But what does patience matter when you know the Yankees might suddenly awaken and spend nearly a fifth of a billion dollars on a player nobody thought they had any interest in?
I mean, my God, did Hank and Hal find $90 million in nickels in Old Man Steinbrenner's couch and decide they were halfway home? Did they short the entire S&P 500 in August? Did Hank Paulson look at last year's final standings and decide the Yankees are too big to fail?
Who's to say they're done? With the Red Sox and the Angels acting like there's a recession on and the Cubs caught up in for-sale turmoil and the Dodgers trying to get their heads on straight and the Braves mad at agents and the Nats trying to get agents to return their calls, maybe the Yankees are the only game in town. Who's to stop them from deciding Lowe and Perez might be better at the back of the line than a dog's breakfast of gimpy kids from Scranton Wilkes-Barre? Why shouldn't they pay Manny a dump truck full of $100 bills to play left and ensure they own every back page from now until forever? It's what they're doing so far, isn't it?

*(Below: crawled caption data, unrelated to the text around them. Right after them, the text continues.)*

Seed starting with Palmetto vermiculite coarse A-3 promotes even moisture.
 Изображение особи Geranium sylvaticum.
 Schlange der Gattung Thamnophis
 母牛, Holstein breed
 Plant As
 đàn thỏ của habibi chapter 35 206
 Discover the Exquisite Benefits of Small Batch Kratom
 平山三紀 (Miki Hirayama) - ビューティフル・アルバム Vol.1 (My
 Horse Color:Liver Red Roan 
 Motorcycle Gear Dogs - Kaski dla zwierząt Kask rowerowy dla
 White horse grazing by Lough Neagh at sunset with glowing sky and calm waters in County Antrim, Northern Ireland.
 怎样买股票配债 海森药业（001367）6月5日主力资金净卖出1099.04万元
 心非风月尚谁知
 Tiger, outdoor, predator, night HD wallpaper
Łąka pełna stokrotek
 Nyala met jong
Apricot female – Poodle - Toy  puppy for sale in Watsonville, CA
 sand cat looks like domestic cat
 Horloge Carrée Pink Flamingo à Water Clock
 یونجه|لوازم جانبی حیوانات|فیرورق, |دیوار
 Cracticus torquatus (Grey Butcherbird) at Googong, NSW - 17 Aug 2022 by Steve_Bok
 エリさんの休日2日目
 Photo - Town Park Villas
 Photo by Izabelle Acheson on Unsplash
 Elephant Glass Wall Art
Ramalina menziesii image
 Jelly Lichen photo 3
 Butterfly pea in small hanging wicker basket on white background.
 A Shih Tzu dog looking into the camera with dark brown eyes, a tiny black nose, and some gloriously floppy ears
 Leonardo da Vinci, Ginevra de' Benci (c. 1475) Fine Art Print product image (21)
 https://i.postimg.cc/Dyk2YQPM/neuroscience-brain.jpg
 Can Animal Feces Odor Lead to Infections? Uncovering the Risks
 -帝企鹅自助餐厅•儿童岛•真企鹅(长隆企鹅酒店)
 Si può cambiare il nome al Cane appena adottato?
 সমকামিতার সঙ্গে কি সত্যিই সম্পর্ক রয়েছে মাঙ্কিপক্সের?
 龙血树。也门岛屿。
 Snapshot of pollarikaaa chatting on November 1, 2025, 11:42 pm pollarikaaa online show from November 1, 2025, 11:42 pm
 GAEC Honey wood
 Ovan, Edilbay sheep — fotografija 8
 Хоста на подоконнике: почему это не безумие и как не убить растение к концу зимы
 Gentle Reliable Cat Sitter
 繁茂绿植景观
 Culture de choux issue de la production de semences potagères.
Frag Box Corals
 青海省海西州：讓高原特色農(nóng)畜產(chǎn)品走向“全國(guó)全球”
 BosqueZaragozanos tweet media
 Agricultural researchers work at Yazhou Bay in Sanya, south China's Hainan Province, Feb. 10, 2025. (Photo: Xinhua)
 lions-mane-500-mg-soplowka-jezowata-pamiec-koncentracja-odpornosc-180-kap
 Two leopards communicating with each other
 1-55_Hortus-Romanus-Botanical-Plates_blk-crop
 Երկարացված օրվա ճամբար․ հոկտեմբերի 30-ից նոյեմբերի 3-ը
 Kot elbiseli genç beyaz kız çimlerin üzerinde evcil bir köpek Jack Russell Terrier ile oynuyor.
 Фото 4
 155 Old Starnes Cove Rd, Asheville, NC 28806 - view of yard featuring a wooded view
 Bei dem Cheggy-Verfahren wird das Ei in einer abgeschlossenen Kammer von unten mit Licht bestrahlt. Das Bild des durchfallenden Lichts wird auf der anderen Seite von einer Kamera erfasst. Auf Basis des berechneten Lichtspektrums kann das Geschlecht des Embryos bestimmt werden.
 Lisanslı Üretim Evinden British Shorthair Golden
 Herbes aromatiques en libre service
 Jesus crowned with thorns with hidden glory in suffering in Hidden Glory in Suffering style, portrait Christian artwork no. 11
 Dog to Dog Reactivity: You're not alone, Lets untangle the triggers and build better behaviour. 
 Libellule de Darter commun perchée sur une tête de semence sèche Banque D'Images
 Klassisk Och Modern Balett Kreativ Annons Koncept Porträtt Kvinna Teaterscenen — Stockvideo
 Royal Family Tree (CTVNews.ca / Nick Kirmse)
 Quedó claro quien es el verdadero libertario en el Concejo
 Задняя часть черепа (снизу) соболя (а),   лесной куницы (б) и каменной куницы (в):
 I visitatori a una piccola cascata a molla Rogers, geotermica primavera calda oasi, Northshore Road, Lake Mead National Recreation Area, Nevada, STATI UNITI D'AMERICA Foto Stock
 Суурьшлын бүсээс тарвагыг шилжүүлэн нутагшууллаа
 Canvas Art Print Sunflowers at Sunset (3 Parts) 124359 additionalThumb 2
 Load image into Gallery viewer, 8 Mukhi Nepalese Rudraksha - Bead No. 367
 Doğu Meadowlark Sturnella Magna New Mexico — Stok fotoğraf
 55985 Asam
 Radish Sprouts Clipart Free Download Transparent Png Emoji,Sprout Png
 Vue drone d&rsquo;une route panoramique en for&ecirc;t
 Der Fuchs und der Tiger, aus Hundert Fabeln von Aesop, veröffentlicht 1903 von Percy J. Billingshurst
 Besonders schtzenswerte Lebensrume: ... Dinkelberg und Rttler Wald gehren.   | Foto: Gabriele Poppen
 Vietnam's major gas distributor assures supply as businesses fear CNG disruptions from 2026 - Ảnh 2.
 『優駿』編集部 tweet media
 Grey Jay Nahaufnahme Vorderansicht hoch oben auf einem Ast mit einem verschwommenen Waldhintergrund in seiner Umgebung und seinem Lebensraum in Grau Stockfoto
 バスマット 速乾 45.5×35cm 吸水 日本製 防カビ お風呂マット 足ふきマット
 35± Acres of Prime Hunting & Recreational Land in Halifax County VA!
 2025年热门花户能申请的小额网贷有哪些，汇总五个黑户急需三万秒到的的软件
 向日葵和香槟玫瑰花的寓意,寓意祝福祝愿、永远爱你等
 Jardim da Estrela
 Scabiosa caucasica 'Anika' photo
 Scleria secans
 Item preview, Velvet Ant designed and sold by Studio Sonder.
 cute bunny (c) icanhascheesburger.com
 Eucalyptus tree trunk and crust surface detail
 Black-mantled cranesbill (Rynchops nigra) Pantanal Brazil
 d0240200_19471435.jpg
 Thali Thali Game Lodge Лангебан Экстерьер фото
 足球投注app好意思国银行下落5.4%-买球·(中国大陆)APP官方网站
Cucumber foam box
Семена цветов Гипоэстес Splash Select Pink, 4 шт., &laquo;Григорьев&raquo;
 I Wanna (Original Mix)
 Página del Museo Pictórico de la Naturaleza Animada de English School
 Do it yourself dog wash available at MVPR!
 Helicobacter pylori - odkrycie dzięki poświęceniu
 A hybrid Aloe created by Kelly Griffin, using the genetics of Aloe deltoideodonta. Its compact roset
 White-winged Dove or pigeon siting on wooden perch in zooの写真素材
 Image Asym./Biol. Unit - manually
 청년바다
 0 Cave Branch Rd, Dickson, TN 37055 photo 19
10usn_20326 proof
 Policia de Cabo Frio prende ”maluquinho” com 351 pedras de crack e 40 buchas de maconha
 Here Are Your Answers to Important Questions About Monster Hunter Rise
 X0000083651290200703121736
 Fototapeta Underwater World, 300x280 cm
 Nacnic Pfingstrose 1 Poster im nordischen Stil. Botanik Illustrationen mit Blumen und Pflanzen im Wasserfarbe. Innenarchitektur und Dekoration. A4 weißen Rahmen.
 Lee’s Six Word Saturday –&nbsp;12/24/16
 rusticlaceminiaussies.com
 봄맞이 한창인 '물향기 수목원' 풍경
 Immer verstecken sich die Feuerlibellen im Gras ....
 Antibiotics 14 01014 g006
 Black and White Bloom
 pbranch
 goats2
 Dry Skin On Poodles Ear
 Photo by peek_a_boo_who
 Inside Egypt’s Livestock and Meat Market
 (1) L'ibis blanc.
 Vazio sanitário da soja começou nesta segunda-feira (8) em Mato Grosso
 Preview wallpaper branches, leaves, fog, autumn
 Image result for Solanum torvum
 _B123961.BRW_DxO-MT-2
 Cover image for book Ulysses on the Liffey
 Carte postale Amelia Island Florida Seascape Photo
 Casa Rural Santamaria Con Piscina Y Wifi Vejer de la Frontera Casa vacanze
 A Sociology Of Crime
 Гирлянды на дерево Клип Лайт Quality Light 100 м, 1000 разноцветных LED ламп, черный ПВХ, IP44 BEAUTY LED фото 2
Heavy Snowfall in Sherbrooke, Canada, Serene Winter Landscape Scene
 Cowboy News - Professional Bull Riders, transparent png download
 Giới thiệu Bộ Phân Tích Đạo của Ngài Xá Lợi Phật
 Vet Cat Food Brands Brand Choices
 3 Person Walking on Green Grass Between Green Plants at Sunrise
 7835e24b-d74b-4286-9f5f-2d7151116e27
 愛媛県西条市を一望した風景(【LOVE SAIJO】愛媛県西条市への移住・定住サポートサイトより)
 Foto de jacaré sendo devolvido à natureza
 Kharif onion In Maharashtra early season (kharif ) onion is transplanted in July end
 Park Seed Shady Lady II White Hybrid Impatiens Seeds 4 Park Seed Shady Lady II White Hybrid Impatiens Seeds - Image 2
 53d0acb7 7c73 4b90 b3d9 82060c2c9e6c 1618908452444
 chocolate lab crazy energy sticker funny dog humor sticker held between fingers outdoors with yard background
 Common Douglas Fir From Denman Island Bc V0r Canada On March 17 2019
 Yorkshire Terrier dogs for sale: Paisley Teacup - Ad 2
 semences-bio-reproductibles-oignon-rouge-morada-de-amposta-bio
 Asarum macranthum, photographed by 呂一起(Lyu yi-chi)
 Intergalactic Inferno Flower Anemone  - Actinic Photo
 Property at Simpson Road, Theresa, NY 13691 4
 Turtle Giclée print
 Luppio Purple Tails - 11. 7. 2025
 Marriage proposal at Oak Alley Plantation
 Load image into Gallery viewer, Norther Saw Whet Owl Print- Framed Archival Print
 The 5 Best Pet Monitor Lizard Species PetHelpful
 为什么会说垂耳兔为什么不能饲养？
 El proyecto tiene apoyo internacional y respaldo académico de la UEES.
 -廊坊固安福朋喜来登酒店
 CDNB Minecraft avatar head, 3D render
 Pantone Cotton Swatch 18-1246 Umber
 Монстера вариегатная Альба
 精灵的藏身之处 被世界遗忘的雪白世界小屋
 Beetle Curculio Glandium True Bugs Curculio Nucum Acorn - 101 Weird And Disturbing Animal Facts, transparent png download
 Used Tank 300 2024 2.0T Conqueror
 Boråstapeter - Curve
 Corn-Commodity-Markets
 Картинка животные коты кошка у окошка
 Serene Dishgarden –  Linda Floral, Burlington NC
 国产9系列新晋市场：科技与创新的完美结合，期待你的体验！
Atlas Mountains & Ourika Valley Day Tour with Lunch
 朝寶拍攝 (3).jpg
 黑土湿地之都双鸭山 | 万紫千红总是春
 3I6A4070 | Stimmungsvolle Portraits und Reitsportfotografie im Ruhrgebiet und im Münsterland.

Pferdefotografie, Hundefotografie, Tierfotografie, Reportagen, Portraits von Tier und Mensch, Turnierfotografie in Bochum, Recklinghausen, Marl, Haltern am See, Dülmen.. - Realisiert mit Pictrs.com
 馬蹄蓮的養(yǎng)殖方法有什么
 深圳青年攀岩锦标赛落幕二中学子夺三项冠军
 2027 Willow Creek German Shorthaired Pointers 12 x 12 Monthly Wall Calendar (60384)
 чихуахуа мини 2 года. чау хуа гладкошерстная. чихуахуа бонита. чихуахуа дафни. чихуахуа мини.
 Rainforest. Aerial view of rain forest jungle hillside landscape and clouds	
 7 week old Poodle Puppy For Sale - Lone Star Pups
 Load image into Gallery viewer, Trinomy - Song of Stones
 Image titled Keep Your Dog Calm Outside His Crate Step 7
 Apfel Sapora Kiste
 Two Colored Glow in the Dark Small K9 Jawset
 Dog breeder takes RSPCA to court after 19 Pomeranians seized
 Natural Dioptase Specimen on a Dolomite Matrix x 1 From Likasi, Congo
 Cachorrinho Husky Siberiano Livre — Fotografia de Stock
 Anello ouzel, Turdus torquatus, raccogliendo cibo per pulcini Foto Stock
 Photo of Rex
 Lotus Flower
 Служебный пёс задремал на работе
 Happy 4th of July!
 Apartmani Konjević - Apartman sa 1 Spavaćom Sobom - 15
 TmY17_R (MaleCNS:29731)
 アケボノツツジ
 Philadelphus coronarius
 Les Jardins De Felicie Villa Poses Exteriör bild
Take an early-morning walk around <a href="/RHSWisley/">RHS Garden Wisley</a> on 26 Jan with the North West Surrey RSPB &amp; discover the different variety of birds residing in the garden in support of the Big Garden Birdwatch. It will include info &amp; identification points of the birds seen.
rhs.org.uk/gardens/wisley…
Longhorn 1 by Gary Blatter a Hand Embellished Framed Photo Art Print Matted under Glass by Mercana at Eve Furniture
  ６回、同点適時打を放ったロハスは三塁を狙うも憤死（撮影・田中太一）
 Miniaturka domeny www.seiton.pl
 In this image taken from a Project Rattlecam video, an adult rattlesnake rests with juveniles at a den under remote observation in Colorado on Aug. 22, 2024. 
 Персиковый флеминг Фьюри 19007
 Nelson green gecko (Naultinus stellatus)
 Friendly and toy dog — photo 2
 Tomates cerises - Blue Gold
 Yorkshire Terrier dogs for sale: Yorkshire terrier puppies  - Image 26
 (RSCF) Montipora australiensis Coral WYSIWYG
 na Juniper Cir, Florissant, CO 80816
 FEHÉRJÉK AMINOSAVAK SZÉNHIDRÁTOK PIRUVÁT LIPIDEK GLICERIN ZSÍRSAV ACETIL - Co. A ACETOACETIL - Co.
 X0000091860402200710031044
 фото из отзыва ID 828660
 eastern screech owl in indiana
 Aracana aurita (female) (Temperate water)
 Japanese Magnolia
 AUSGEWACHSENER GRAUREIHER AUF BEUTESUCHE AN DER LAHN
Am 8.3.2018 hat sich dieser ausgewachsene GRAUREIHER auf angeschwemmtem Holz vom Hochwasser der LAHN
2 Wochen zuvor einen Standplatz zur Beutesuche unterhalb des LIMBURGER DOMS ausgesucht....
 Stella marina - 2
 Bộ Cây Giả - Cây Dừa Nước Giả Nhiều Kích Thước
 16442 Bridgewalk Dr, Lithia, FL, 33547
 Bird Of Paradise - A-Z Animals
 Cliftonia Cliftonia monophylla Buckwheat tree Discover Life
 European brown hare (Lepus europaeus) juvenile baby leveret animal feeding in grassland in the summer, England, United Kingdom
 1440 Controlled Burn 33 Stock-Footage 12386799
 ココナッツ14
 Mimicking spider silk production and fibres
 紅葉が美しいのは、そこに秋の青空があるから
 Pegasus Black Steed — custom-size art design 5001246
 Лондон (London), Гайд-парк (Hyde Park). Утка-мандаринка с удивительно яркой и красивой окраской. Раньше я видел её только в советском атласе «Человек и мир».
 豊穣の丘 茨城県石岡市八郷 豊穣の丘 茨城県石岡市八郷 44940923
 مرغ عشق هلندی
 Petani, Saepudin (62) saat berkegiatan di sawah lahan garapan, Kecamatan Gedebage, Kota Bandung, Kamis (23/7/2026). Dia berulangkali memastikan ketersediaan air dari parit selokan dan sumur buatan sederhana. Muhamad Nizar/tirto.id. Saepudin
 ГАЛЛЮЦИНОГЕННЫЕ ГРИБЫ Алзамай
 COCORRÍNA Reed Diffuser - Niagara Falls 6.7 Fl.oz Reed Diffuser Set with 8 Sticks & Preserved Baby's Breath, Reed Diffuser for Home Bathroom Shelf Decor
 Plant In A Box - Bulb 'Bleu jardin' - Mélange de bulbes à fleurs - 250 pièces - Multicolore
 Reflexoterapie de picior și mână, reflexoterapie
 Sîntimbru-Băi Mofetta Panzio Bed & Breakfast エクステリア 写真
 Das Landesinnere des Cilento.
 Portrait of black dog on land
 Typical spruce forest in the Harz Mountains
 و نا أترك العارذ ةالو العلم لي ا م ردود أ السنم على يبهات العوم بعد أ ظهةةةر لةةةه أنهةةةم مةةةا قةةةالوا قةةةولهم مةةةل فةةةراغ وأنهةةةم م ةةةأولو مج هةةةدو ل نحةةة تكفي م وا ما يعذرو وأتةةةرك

I know the Mets aren't exactly baseball's Tom Joads — we're a huge-market team that's about to move into a state-of-the-art park and collect a megacontract worth of rights fees each and every year. I know fans of the Royals and the Pirates and the Marlins think the difference between us and them isn't Manichean black and white but a matter of the faintest different shade of gray. (Seriously, what's it like being the Royals and seeing the Yankees spend about a decade's worth of your payroll for a player nobody figured they cared about?) I know this is a case of the guy with the 75-foot yacht seething about his neighbor with the 100-foot yacht. (And the guy with the 75-foot yacht has gashed two holes in the bow at the end of two straight summers and sank the damn thing, but that's another problem.) I know it's small and ridiculous. I know.
But goddamn. You know who the Yankees are? The Yankees are the rich kid on your block whose parents gave him every toy but love, the one who'd give your friend five dollars to leave your house and go over to his. The Yankees are the guy who parks his SUV across the last two spaces in the rest area, breaks into a faster waddle to beat you onto the McDonald's line even though it's pretty short, barks “Supersize me!” and then leaves the wrappers all over the table when he leaves. The Yankees are the guy in the Lamborghini who smokes your Honda Civic pulling away from the light, then tells his bros what a great driver he is. The Yankees are here there and everywhere, as inescapable as death, taxes and our players being compared to Derek Jeter.
If baseball is a country song, the Yankees are Jolene.
And holy mother of fuck do I hate them.